I find that interesting, it seems contradictory to the numbers showing that it's mostly cash/GICs which makes it seem like people are using it as a shorter term savings vehicle.


----------



## AltaRed (Jun 8, 2009)

CalgaryPotato said:


> I find that interesting, it seems contradictory to the numbers showing that it's mostly cash/GICs which makes it seem like people are using it as a shorter term savings vehicle.


I think that is what is mostly being peddled by peoples' bankers/financial institutions for that demographic. Most older people in that income range don't venture beyond the tried and true and reliable.


----------



## sags (May 15, 2010)

You're right it does.........unless they have their RRSP full of GICs.


----------



## Itchy54 (Feb 12, 2012)

Sags, you said exactly what I am planning to do. Before cpp and oas kick in I will be slowly drawing out my rrsps and tucking them into TFSA accounts. I only work pat time now so it is an opportune time, before hubby retires with his pension, to put this plan into action. I only hope the level stays at 10,000. 

As my dad's POA I saw, when I did his taxes, how his rrif accounts are causing him to be clawed back on his OAS (with my mom gone there is no pension splitting).
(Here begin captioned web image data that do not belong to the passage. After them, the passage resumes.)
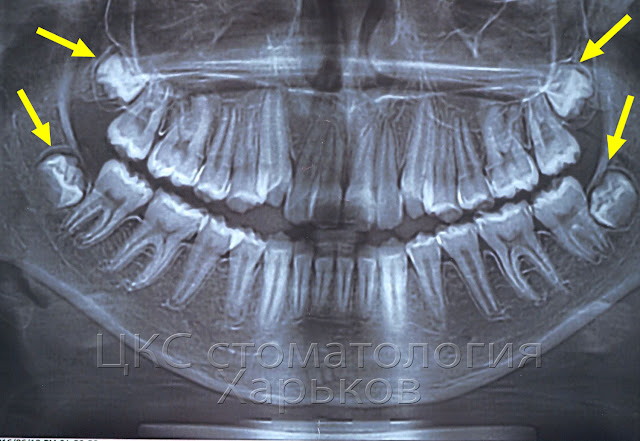 панорама до ортодонтического лечения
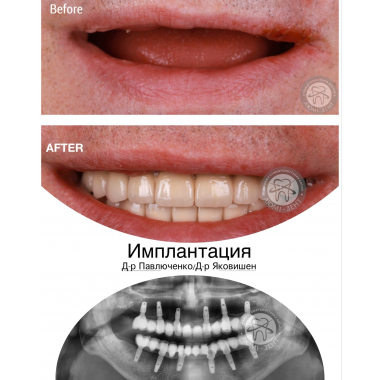 Врач хирург-имплантолог примеры работ доктора Павлюченко Е. Ю. Киев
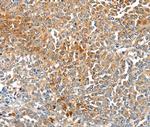 MAGEB2 Antibody in Immunohistochemistry (Paraffin) (IHC (P))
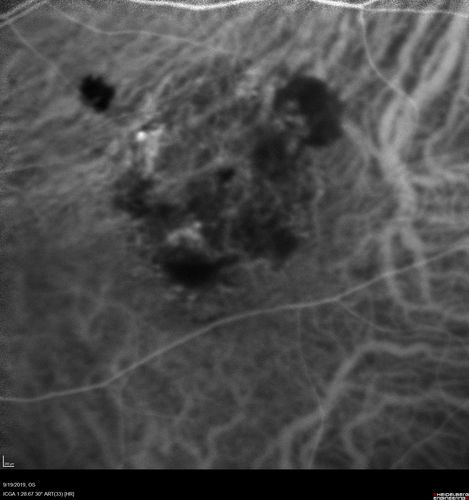 Polypiodal Choroidal Vasculopathy - Temporal Macula - Left eye
82 year old man with asymptomatic PCV in the left eye.  Vision 20/50 OD, 20/32 OS  did well with Lucentis
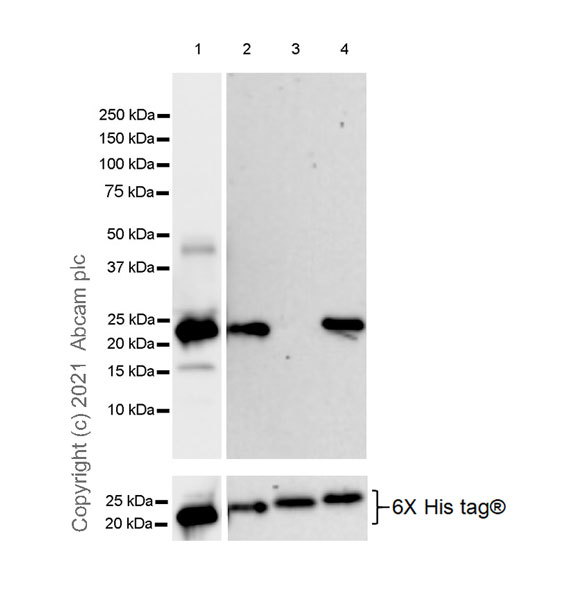 Western blot - Anti-HDAC4 + 5 + 9 antibody [EPR19010-77] (AB195241), expandable thumbnail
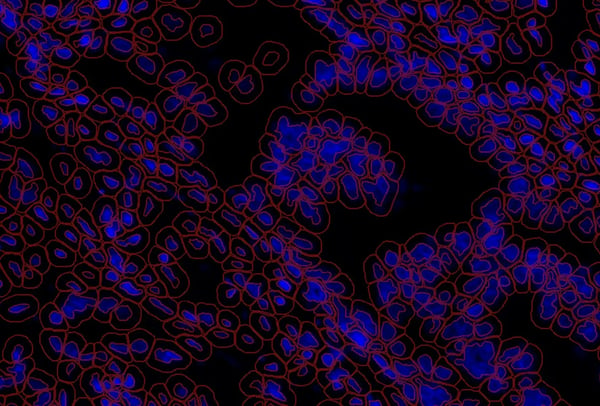 26-OLI-05300_Cell segmentation QuPath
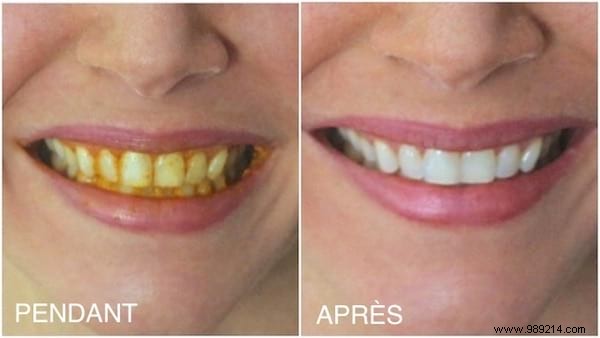 How to Whiten Yellow Teeth Naturally with Turmeric: A Proven Home Remedy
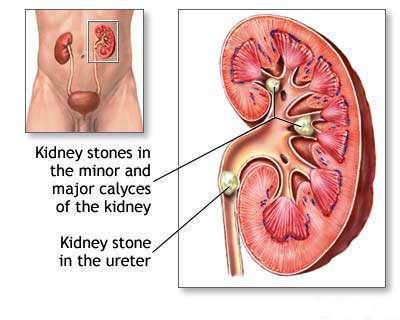 Kidney pathology finding Renal Calculus Disease Urolithiasis is most prevalent in males aged 20-40 years.1 Calculi can form in any part of the urinary tract but most form in the kidneys.
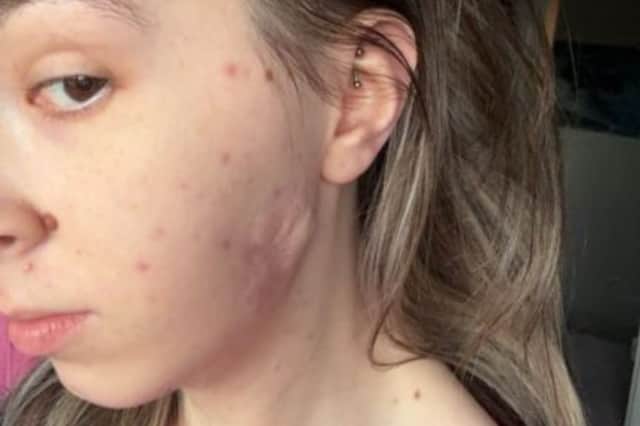 Leyla underwent surgery to remove the sarcoma, which left her physical and emotional scars.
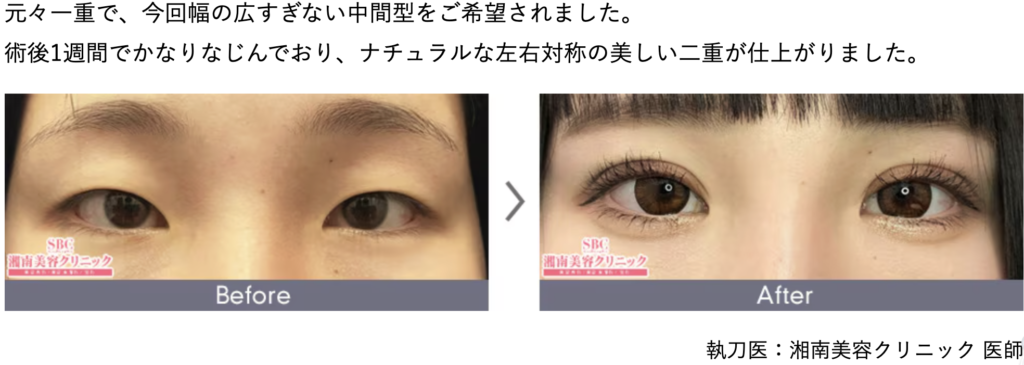 週末二重術®のビフォーアフター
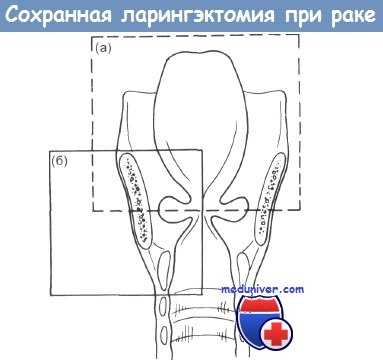 Ларингэктомия при раке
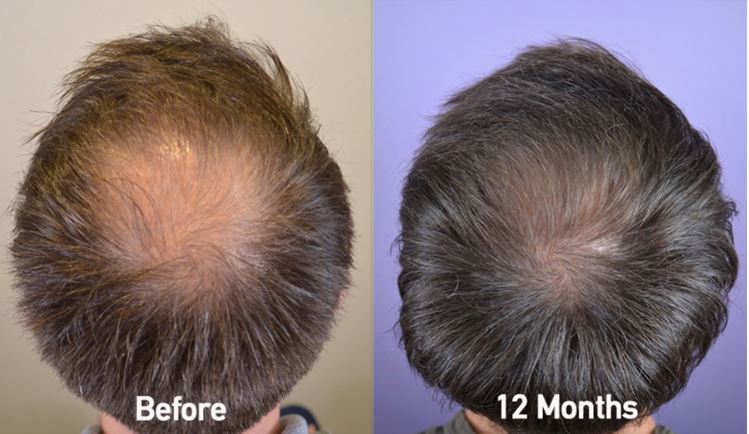 Minoxidil finasterid oder Hair Loss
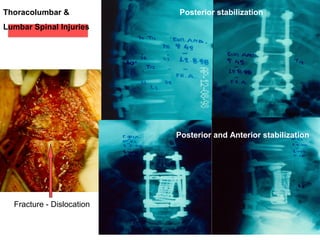 Thoracolumbar &
Lumbar Spinal Injuries
Posterior and Anterior stabilization
Posterior stabilization
Fracture - Dislocation
 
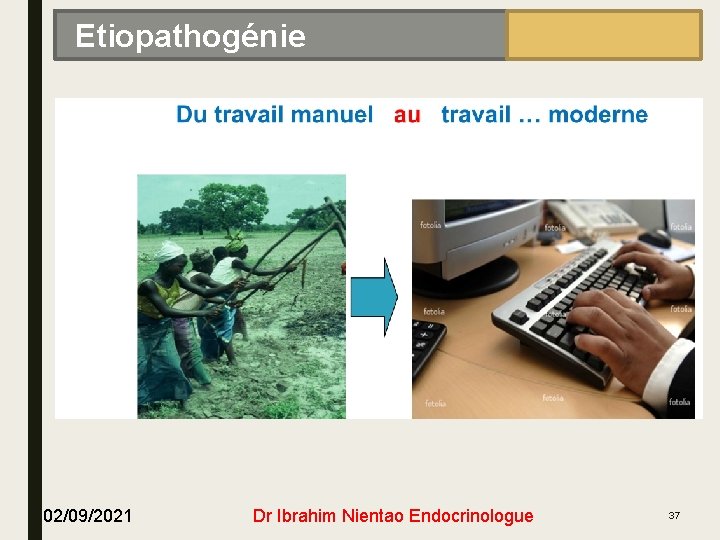 EPIDÉMIOLOGIE Etiopathogénie 02/09/2021 Dr Ibrahim Nientao Endocrinologue 37 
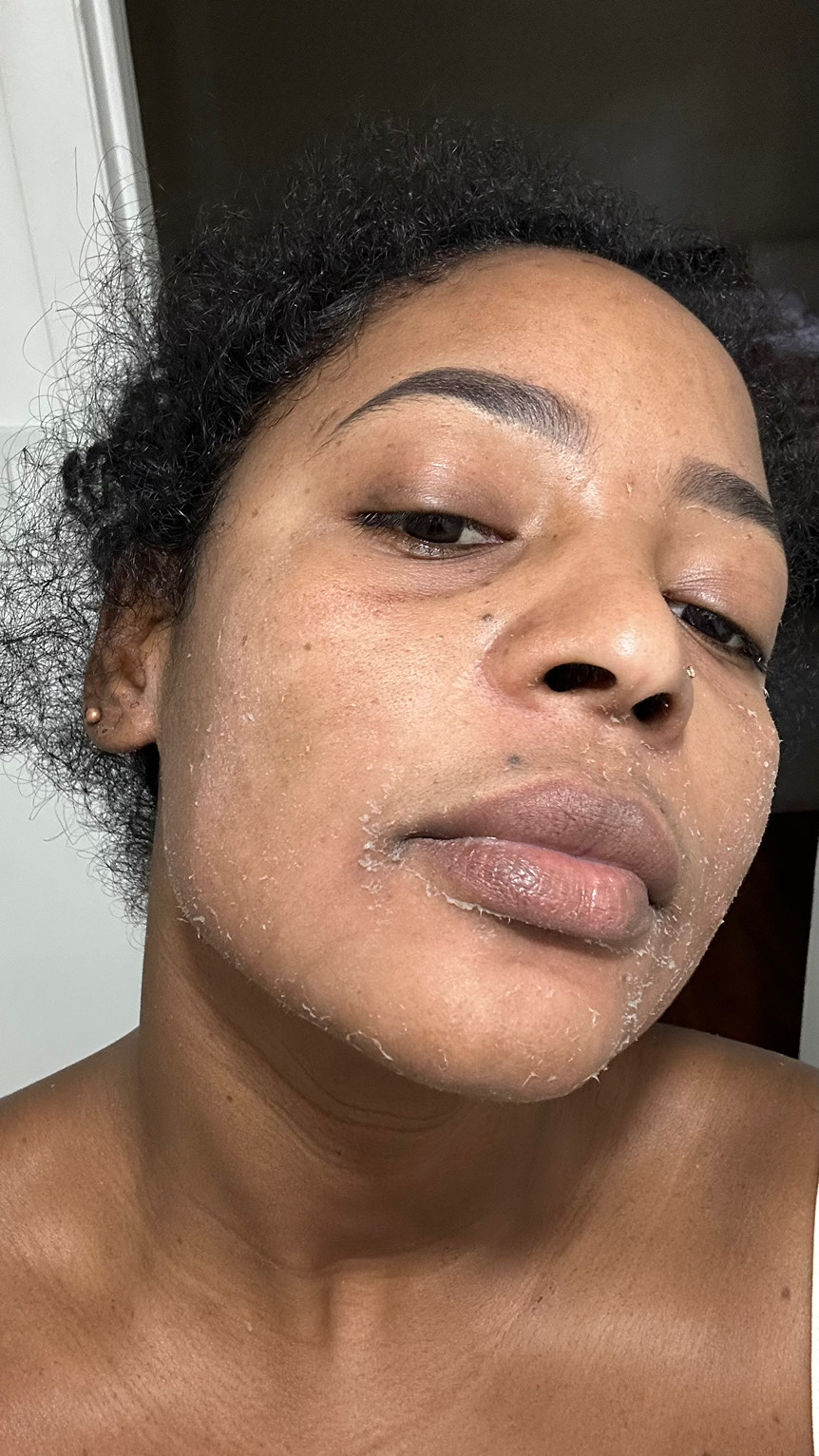 The Eye Serum review photo by ANABEL G.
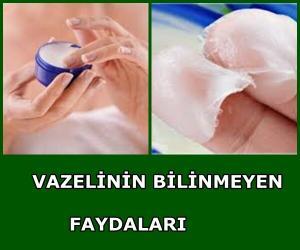 Vazelinin Bilinmeyen Faydaları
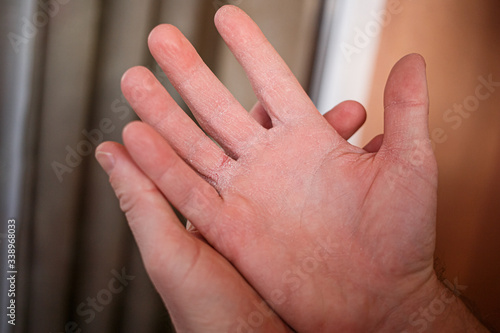 Very dry hands touching, peel due to washing alcohol on Covid19 situation. Horizontal close up of the inside of a very sore dry cracked male hand with flakey skin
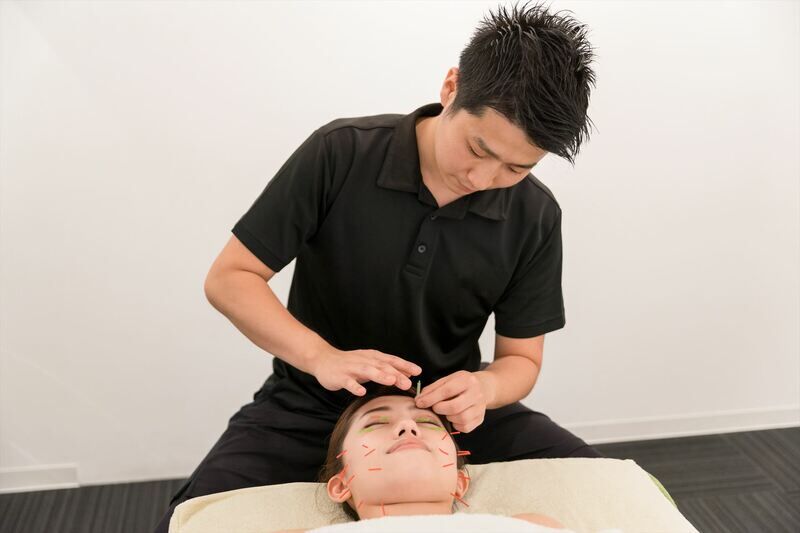 美容鍼を行うスタッフ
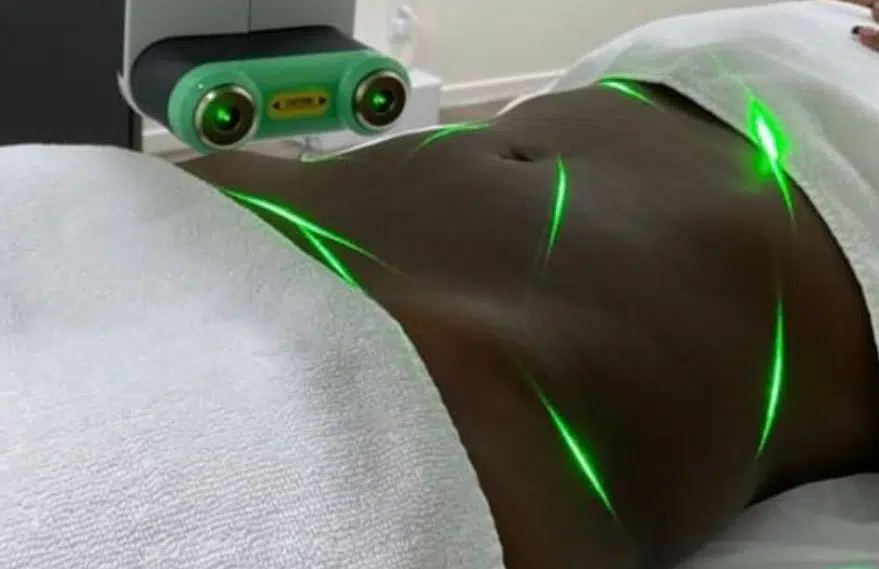 Emerald Laser Treatment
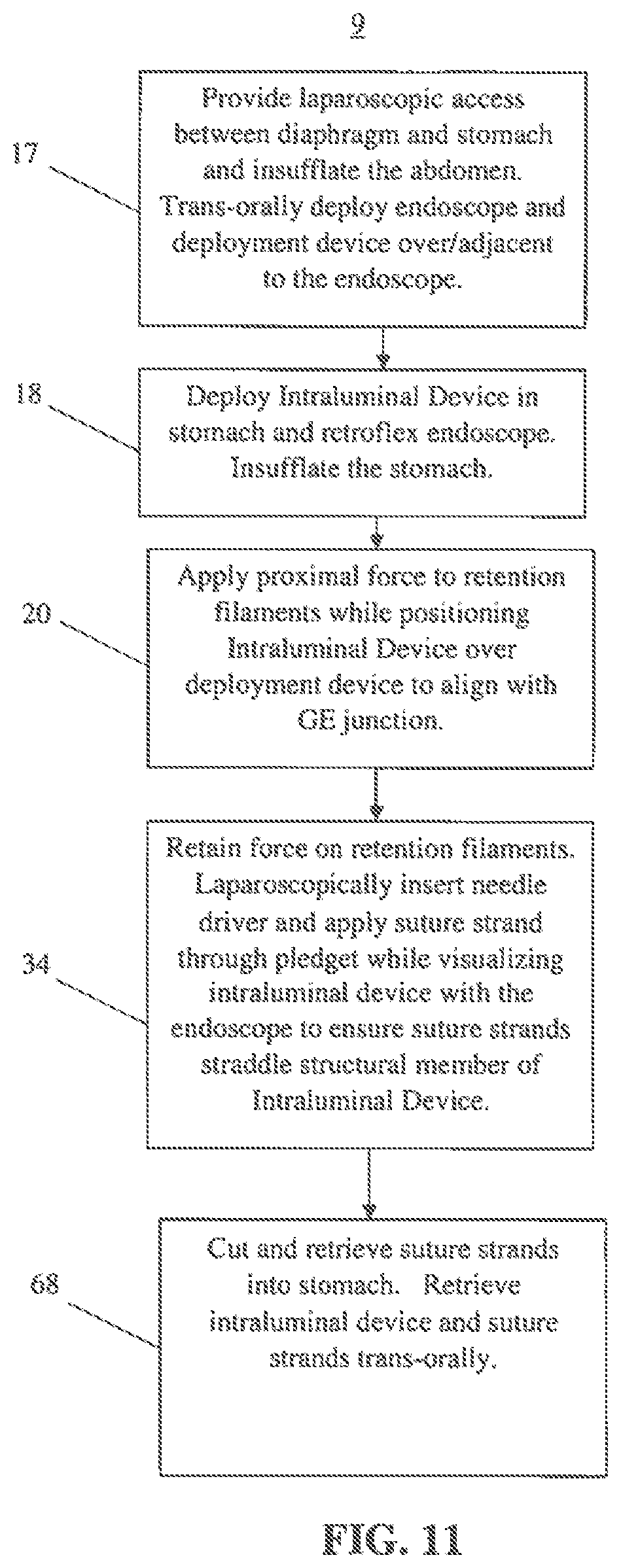 Patent US12599493 Figure 12 – Method of deploying an intraluminal device and intraluminal system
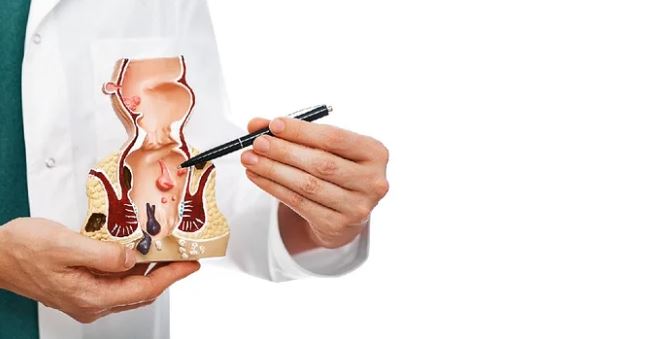 ফিস্টুলা কেন হয়, চিকিৎসা কী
He pays a lot of tax....


----------



## sags (May 15, 2010)

Glad you pitched in Itchy54.

Your scenario shows that benefits from the TFSA do extend beyond the wealthy, although they do benefit the most.

But then, people with lots of money always benefit the most from everything financially oriented.


----------



## Westerncanada (Nov 11, 2013)

Assuming they do not have a Cap on it.. my main goal is going to be #1. 

I think this is a fantastic vehicle given the new maximum of $10,000 per year.. to be fair, I have not in the past saved this much for retirement on a yearly basis but feel this is a great goal for everyone and would play an important part in funding a very active/healthy retirement. 


My Retirement Income Stream in Order of Importance: 

1.) TFSA - Portfolio Income
2.) RRSP - Use as required
3.) Company Pension 
4.) Company Stock Plan
5.) CPP
6.) OAS
7.) Savings, Fixed Assets. 


Here is to hoping they do not cap the TFSA and reward savers with this type of a nest egg!


----------



## gaspr (Mar 24, 2014)

Westerncanada said:


> Here is to hoping they do not cap the TFSA and reward savers with this type of a nest egg!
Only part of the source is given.